• What needs to be done
Search the data below for the string "want" and copy all lines where it shows up.

#### Given data

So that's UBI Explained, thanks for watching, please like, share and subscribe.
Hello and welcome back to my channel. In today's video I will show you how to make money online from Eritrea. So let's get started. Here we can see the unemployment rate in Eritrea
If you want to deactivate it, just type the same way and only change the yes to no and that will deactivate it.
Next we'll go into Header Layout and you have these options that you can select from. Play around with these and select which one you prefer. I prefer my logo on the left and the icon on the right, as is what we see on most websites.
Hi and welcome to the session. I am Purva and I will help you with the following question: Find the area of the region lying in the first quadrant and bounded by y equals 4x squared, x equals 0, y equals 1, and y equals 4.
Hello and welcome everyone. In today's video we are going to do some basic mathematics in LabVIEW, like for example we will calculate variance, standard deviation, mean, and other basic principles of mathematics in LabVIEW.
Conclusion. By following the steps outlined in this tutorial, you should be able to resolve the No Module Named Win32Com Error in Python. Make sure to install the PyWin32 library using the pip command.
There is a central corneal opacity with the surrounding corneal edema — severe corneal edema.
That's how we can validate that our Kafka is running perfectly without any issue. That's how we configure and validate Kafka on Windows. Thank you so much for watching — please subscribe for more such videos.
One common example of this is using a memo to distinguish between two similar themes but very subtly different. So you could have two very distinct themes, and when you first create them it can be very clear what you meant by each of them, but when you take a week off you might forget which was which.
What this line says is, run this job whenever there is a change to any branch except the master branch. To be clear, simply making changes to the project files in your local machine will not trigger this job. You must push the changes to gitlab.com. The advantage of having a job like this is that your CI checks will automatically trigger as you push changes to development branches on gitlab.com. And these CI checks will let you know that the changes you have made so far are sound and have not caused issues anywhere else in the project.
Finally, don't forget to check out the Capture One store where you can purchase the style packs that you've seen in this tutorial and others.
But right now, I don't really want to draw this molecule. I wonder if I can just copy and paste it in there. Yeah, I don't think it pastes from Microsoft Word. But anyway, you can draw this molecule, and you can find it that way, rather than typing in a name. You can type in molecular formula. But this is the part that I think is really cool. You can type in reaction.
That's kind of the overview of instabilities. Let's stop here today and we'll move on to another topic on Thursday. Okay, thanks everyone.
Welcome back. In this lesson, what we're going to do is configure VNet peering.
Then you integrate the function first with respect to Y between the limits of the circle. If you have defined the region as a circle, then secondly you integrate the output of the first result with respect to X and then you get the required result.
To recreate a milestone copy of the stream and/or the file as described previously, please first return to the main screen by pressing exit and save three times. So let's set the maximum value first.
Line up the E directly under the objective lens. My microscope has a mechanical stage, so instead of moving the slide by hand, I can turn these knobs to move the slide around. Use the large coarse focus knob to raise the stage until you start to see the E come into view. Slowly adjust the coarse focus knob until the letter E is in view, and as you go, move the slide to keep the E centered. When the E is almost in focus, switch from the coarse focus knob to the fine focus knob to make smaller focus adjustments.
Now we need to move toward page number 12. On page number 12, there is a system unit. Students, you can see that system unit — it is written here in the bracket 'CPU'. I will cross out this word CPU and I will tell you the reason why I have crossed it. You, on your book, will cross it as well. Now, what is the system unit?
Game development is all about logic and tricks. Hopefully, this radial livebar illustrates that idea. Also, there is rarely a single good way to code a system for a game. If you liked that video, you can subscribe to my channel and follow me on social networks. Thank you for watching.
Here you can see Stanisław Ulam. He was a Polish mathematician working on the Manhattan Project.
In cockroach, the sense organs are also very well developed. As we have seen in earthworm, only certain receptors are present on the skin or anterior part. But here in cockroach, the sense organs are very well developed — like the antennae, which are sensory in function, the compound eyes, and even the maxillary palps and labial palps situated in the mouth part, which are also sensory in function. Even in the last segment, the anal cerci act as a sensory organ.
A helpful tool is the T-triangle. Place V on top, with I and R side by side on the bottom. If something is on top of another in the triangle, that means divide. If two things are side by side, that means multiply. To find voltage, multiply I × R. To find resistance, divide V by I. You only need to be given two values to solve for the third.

########

• Exercise solution
If you want to deactivate it, just type the same way and only change the yes to no and that will deactivate it.
But right now, I don't really want to draw this molecule. I wonder if I can just copy and paste it in there. Yeah, I don't think it pastes from Microsoft Word. But anyway, you can draw this molecule, and you can find it that way, rather than typing in a name. You can type in molecular formula. But this is the part that I think is really cool. You can type in reaction.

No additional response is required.